• [DIRECTIONS FOR THIS TASK]: Return the lines of the data below starting at the one holding "Horizons du Modern" and ending at the one holding "Erwin Smith J1-Sneakers Personalized Shoes", word for word, leaving every picture out.

• [EXCERPTED RECORDS]:
◇ ◇ ◇

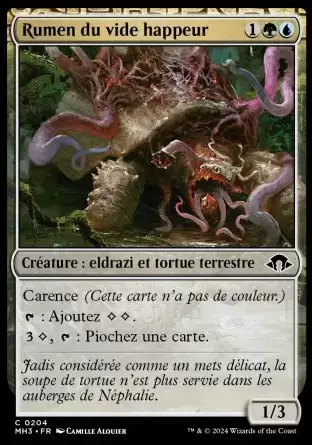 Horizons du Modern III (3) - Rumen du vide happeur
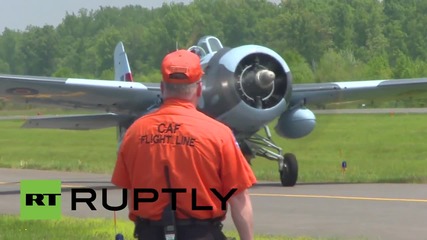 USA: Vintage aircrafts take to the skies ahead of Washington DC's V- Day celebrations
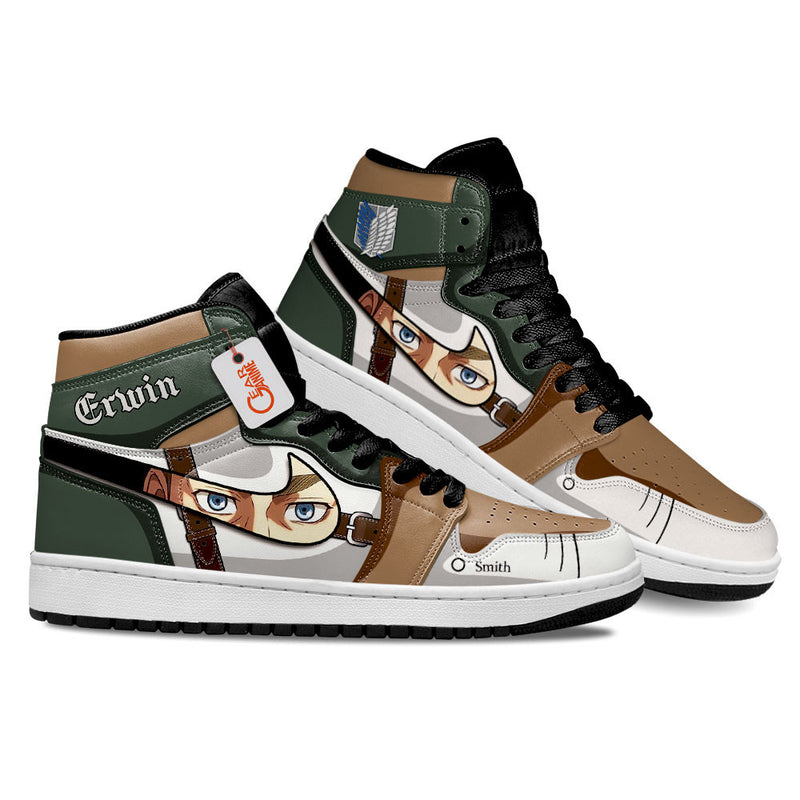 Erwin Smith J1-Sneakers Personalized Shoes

◇ ◇ ◇

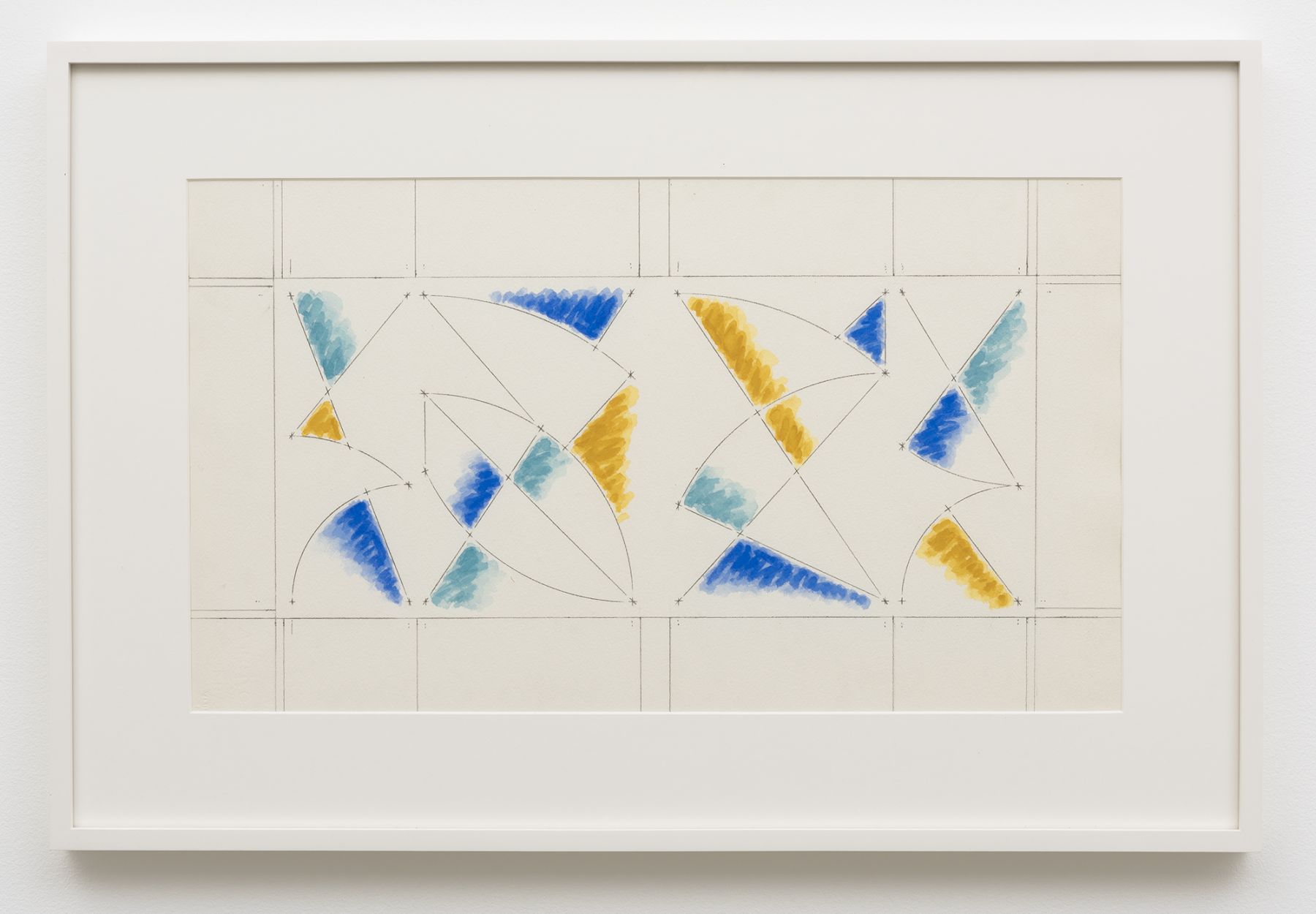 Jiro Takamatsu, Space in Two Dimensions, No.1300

◇ ◇ ◇

• [ANSWER SPACE]:
 Horizons du Modern III (3) - Rumen du vide happeur
 USA: Vintage aircrafts take to the skies ahead of Washington DC's V- Day celebrations
 Erwin Smith J1-Sneakers Personalized Shoes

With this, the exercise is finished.